Oil industry association criticizes government’s decision to award exclusive diesel import rights to PSO
A group of oil marketing companies in Pakistan is opposing a government decision that would give Pakistan State Oil (PSO) the exclusive right to import high-speed diesel (HSD). The Oil Marketing Association of Pakistan (OMAP), which represents emerging companies in the sector, argues that this move would create a monopoly for PSO and hinder competitiveness and innovation in the oil industry.
In a letter to the petroleum secretary, OMAP expressed concerns about fair competition and market dynamics. The association believes that granting sole import authority to PSO would stifle the independent workability of other oil marketing companies (OMCs) and negatively impact the industry’s competitive landscape. OMAP emphasized the importance of maintaining a level playing field to encourage healthy competition, foster innovation, and ensure optimal service delivery to consumers.

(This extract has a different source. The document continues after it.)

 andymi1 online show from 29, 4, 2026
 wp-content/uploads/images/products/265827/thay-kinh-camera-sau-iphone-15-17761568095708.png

The association criticized the government’s decision for undermining the principles of a free-market economy and ignoring the potential for collaboration and healthy competition among OMCs to better serve the nation. OMAP argued that a monopoly would provide PSO with unfair advantages in terms of pricing, settlement of LC (letter of credit), and other trade-related benefits.
OMAP urged the Oil and Gas Regulatory Authority (OGRA) to reconsider the decision and actively engage all stakeholders in formulating a framework that promotes inclusivity and ensures the participation of all OMCs in HSD importation. The association highlighted the need to strike a balance that benefits the industry economically while upholding the principles of fair competition and equal opportunity.

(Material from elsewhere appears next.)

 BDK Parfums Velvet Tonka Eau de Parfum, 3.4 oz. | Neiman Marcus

In response to the government’s proposal, the regulator sought suggestions from the oil marketing sector. Industry officials explained that PSO currently imports 90% of the HSD, with the remaining 10% imported by other OMCs. Importing the entire HSD through PSO would help meet demand and address the concerns and reservations of other OMCs. These companies have been complaining about the domestic price of HSD, which is based on PSO’s import and its premium and exchange rate adjustment.
It is worth noting that Pakistan relies on imports to meet its domestic HSD demand as local refineries cannot produce enough to fulfill the country’s needs.